# Boeing Flies the MAX 737 again, Finally!



## oldman (Dec 29, 2020)

This plane has been grounded for two years after two devastating accidents killing a few hundred. Today, the FAA has approved it airworthy and fly it did. I flew on this plane before it was grounded. The only thing that smells better than the interior of a new car is the smell of the interior of a new plane. 

MAX 737


----------



## FastTrax (Feb 11, 2021)

oldman said:


> This plane has been grounded for two years after two devastating accidents killing a few hundred. Today, the FAA has approved it airworthy and fly it did. I flew on this plane before it was grounded. The only thing that smells better than the interior of a new car is the smell of the interior of a new plane.
> 
> MAX 737



om please check in and let us know that you are alright. In the meantime this ones for you.











www.boeing.com/commercial/737max/

https://abcnews.go.com/US/boeing-737-maxs-flawed-flight-control-system-led/story?id=74321424

www.flightglobal.com/flight-test-boeings-737-max-the-same-but-different/124012.article

www.united.com/ual/en/us/fly/travel/inflight/aircraft/737-MAX.html

https://en.wikipedia.org/wiki/Boeing_737_MAX

https://en.wikipedia.org/wiki/Boeing_737_MAX_groundings

https://en.wikipedia.org/wiki/List_of_Boeing_737_MAX_groundings

https://en.wikipedia.org/wiki/Lion_Air_Flight_610

https://en.wikipedia.org/wiki/Ethiopian_Airlines_Flight_302


























Hope to hear from you soon.


----------



## oldman (Feb 14, 2021)

This is my first post in a few months. I was very sick with the Coronavirus and almost died. My wife said that I was in the hospital for 19 days, which I really have very little remembrance about. 

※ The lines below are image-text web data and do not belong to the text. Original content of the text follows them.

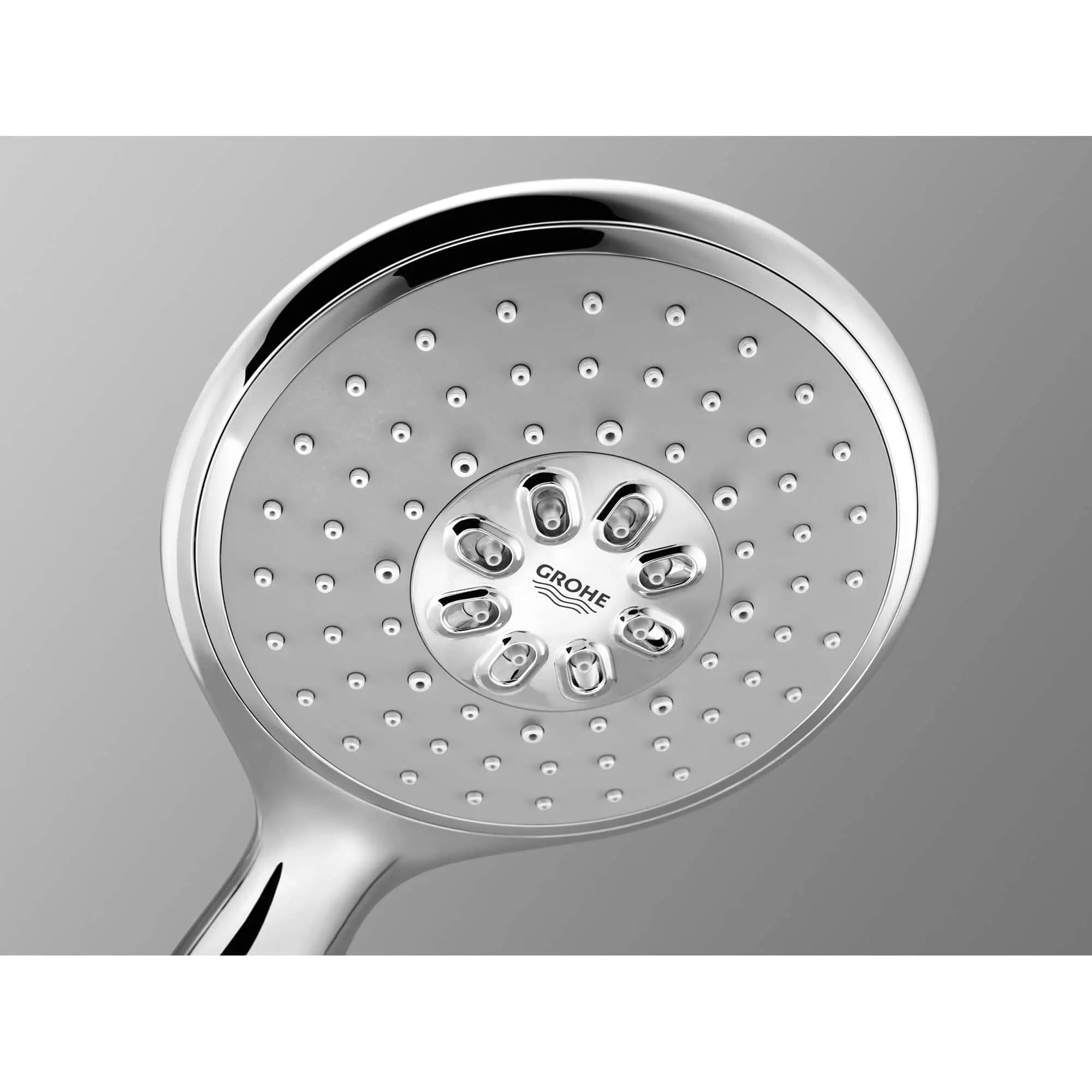 130 Hand Shower - 4 Sprays, 9.5 L/min (2.5 gpm) // GROHE STARLIGHT CHROME // 1255_27673000-hand-shower-4-sprays-spray-plate-night-time-grey-enviro-7_0_CDNwebp.webp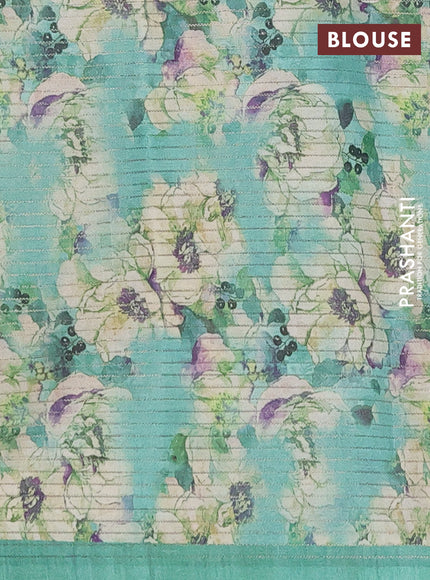 Chappa saree pastel grey and teal green with allover small zari checked pattern and floral digital printed pallu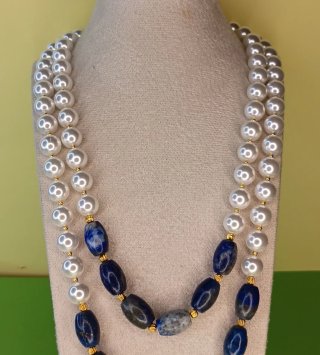 Collar doble perlas cristal y lapislázuli natural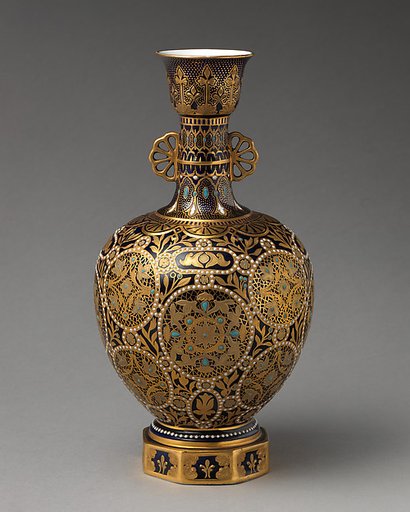 Vase with hexagonal foot (one of a pair)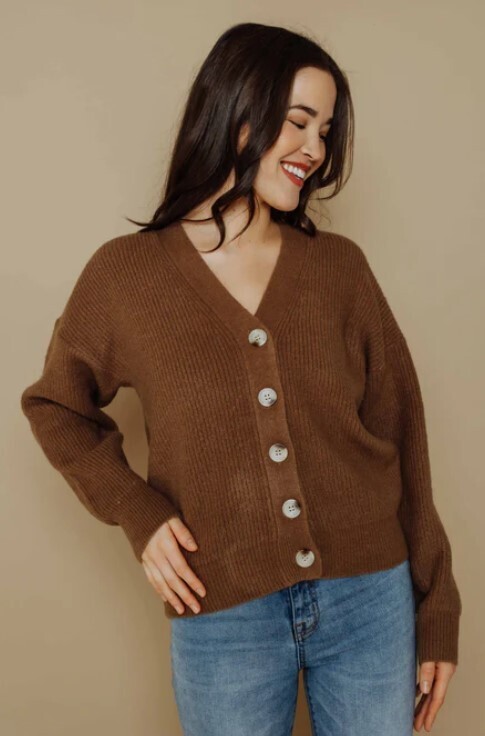 1201 Crystal Supersoft Cardi-Camel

But, when I saw this posting about the MAX-737, I was brightened by the beautiful pictures. I haven't flown a B-737 for several years, but that was my favorite airplane for a long time. It was always known to be a workhorse and is the largest selling plane of all time. I was very saddened to see it go away for such a log time after the two accidents, which was understandable. I flew on that plane just one time before it was taken out of service by the FAA and Boeing. 

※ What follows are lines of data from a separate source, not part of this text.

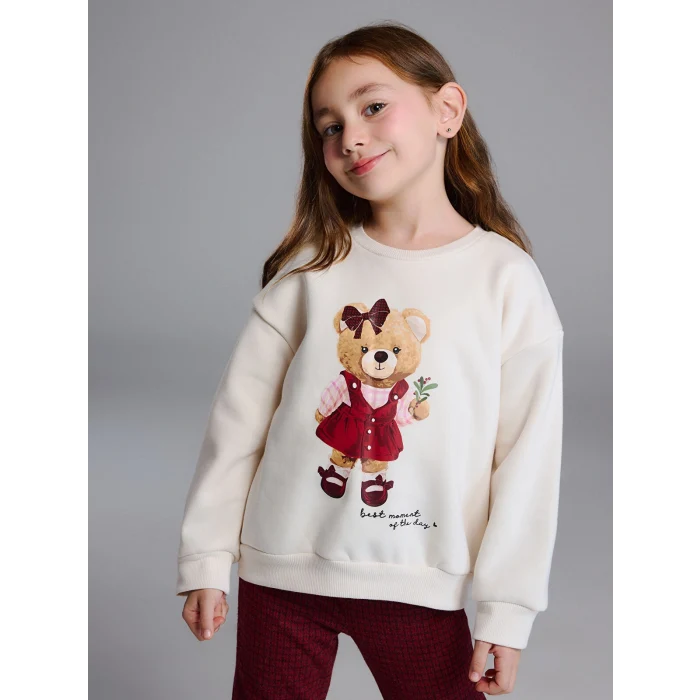 LCW Kids Ekru Ayıcık Baskılı Kız Çocuk Sweatshirt ve Tayt Pantolon 2li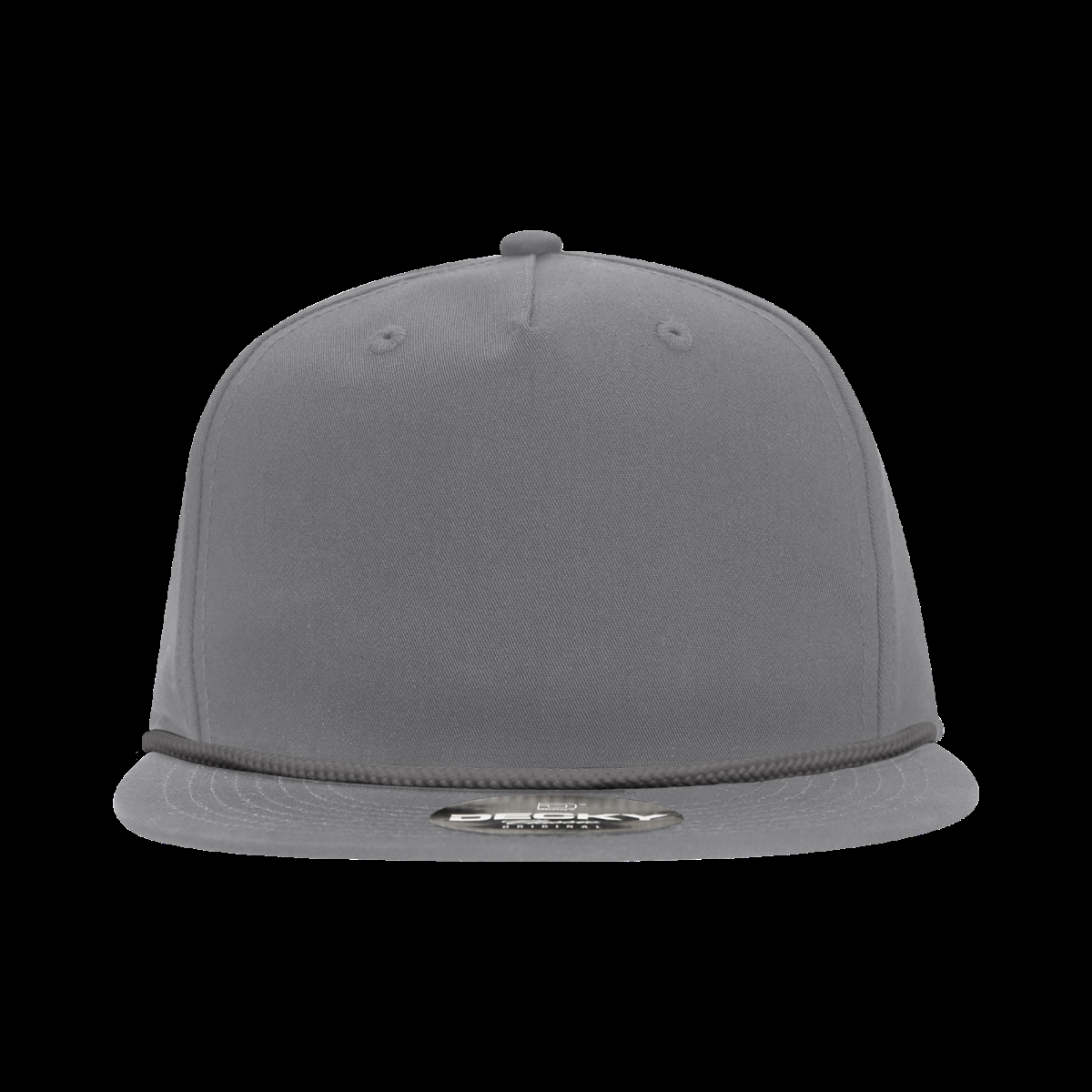 6042-7GRYCHA 5 Panel High Profile Relaxed Cotton Blend Rope Hat - Charcoal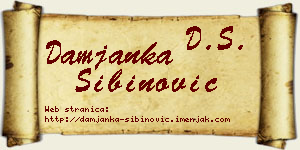 Damjanka Sibinović vizit kartica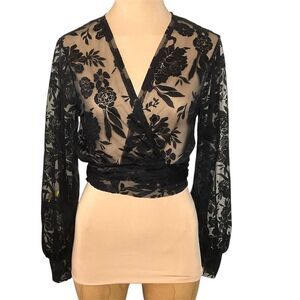 Amber Skies Black Sheer Floral Blouse Tie Waist Long Sleeve Goth Fairy Small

I have read several documents about the MAX from the FAA, Boeing and Southwest Airlines and I would feel very comfortable riding in it again. The FAA and Boeing did the right thing taking it out of service. From everything that I have read and the few pilots that I have spoken with, the main problem was that the pilots flying the plane did not understand the mechanics and how the MCAS system worked. Boeing failed to put a logic booklet out that should have also been delivered with the aircraft, along with some training.  

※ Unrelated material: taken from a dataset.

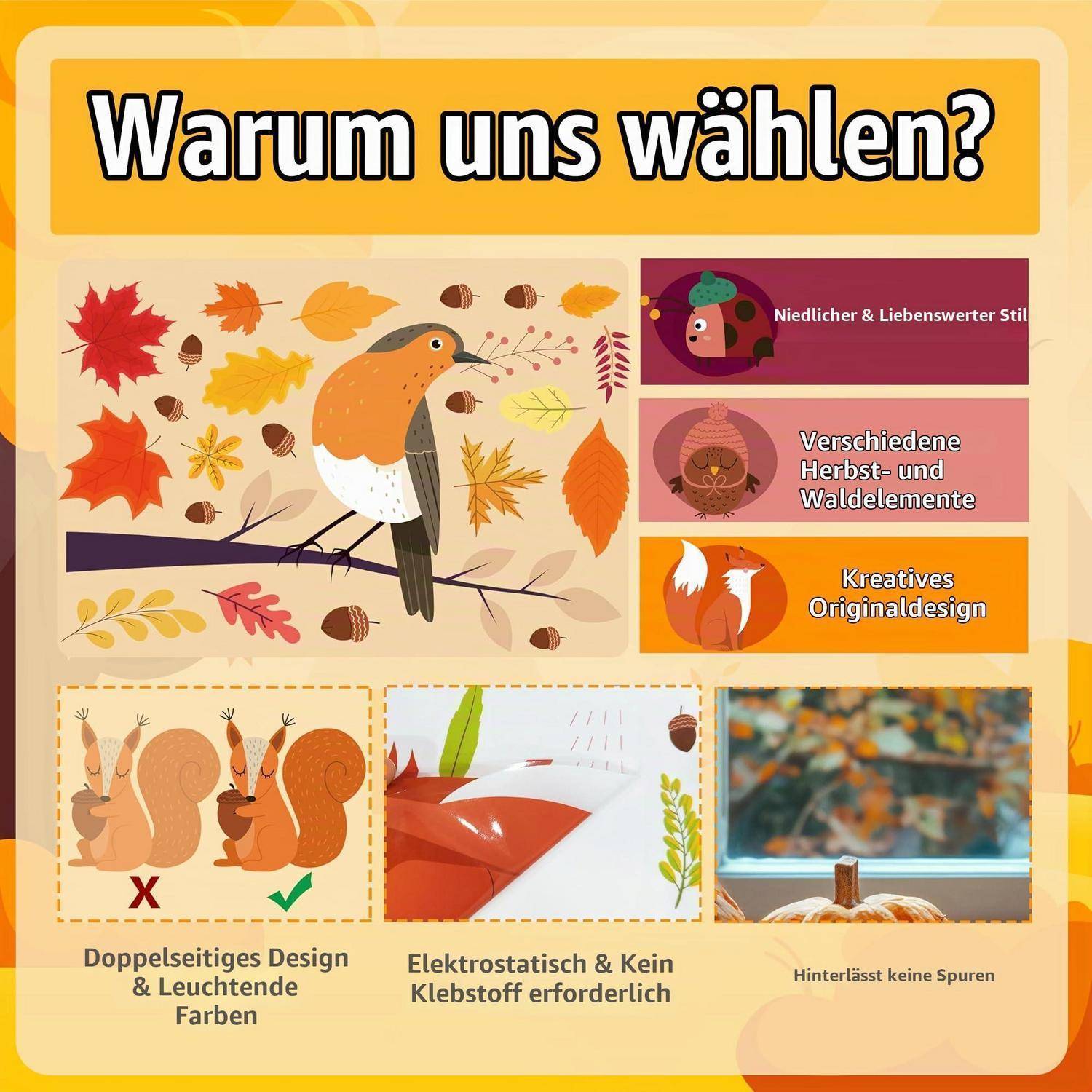Fensterbilder Herbst Selbstklebend 9 Bögen 30x20cm Wiederverwendbar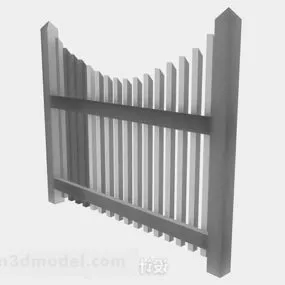 Gray Wooden Railing 3d model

It's just something that people who aren't or have never been exposed to airplane logistics would understand. I'm just happy to see that it's back and is flying safe. If you are interested, here's the best explanation that I found: MCAS

BTW, it's good to be back.


----------



## Gaer (Feb 14, 2021)

YAHOO!  OLDMAN IS BACK!!!!!


----------



## RadishRose (Feb 14, 2021)

So great to "see" you @oldman !  

I'm very sorry you were ill with Covid, but that thing can't get a good man like you down!
You've been in my thoughts.


----------



## FastTrax (Feb 14, 2021)

oldman pushed the envelope and beat the coronacooties virus down. GO OM GO!!!!!!!

BTW:

1. Is there anything you want or need from us to help you along? If need be feel free to PM me my friend.

2. Is it okay if I dedicate an aviation thread to you in the Earth Science Subforum?

Stay blessed and get lotsa rest. We luv you man.


----------



## Pinky (Feb 14, 2021)

oldman said:


> This is my first post in a few months. I was very sick with the Coronavirus and almost died. My wife said that I was in the hospital for 19 days, which I really have very little remembrance about.
> 
> But, when I saw this posting about the MAX-737, I was brightened by the beautiful pictures. I haven't flown a B-737 for several years, but that was my favorite airplane for a long time. It was always known to be a workhorse and is the largest selling plane of all time. I was very saddened to see it go away for such a log time after the two accidents, which was understandable. I flew on that plane just one time before it was taken out of service by the FAA and Boeing.
> 
> ...


Welcome back! Hope you have completely recovered


----------



## oldman (Feb 15, 2021)

You people have brought tears to my eyes. Thank you. 

I think I was given every drug known to mankind. Of course, I'm being facetious. My arms are still bruised from the many IV needles that were stuck in me. I have no idea how I picked up the virus. All that I can remember is that I was being very careful with being around crowds and I wore my mask faithfully when around others. The doctors and nurses were very kind to me. I remember one day when I was mostly awake, a nurse put up a big poster above my bed of a Boeing 767. Later, I asked how she knew I was into aviation. She told me that my wife told them that I had been a pilot for 33 years and flew the B-767 for most of my career. 

See you onboard!


----------



## Tommy (Feb 15, 2021)

Great to see you back again, oldman!!!  Like so many here, I was very concerned for your wellbeing.  How are you feeling now?


----------



## Pappy (Feb 15, 2021)

Oldman...welcome back. It’s so good to hear you beat the virus. We have all missed your wonderful adventures in the sky. Maybe you deserve my avatar more than I do...Pappy.


----------



## shedevil7953 (Feb 15, 2021)

Yes, glad to see you back!  I was gone for several years and doubt you remember me.  Feel free to IM me.


----------



## Butterfly (Feb 25, 2021)

Oldman, I'm so glad to see you back, too!  Are you completely over the virus, or do you have lasting problems from it?  I hope you are one of the ones who have escaped continuing problems.


----------



## oldman (Feb 26, 2021)

Butterfly said:


> Oldman, I'm so glad to see you back, too!  Are you completely over the virus, or do you have lasting problems from it?  I hope you are one of the ones who have escaped continuing problems.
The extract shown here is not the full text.